Research on some of those issues had just begun when funding for SAV restoration efforts ended. Without that type of knowledge and the ability to successfully plant grass beds, Orth and Karrh said, large areas of the Bay could remain barren even if water quality improves.

While grasses have generally been recovering in freshwater areas where there are multiple species that provide an abundant source of seeds, high-salinity areas rely on eelgrass, which has been declining for two decades. Many areas in the lower Bay have no beds nearby to supply seeds.

The surviving eelgrass beds in the St. Mary's River, Orth noted, remain the only eelgrass documented in the Potomac drainage since 1963. "In some places, where there are no source populations, recovery is not going to happen, or not for a very long time," he added.
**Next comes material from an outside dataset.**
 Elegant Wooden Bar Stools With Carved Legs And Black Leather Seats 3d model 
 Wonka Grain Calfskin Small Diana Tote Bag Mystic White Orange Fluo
Susquehanna Flats' recovery after storm shows resiliency of large beds

Bay scientists had been worried that the deluge from Tropical Storm Lee, which sent a massive plume of sediment-laden water down the Susquehanna River and into the Bay in late summer, might have buried the largest grass bed in the Chesapeake.

But recent aerial photographs show that the bed on Susquehanna Flats survived largely intact.

"While we did see some declines along the flanks and edges of that big bed, my gut feeling says next year should be OK for grass beds up there," said Bob Orth of the Virginia Institute of Marine Science and leader of the team that conducts the annual Bay grass survey. That, he said, demonstrates the ability of large, dense and healthy grass beds to survive stresses that would wipe out smaller beds.

Susquehanna Flats was nearly barren little more than a decade ago, but a lush bed covers nearly 10 square miles today.

Nonetheless, the unusually high flows that washed huge amounts of nutrients and sediment into the Bay during the spring and late summer months of 2011, coupled with unusually high summer temperatures, are expected to take a toll on grasses Baywide. Scientists expect final figures for 2011 to show a decline from the 79,675 acres observed in 2010. The Bay Program goal is 185,000 acres.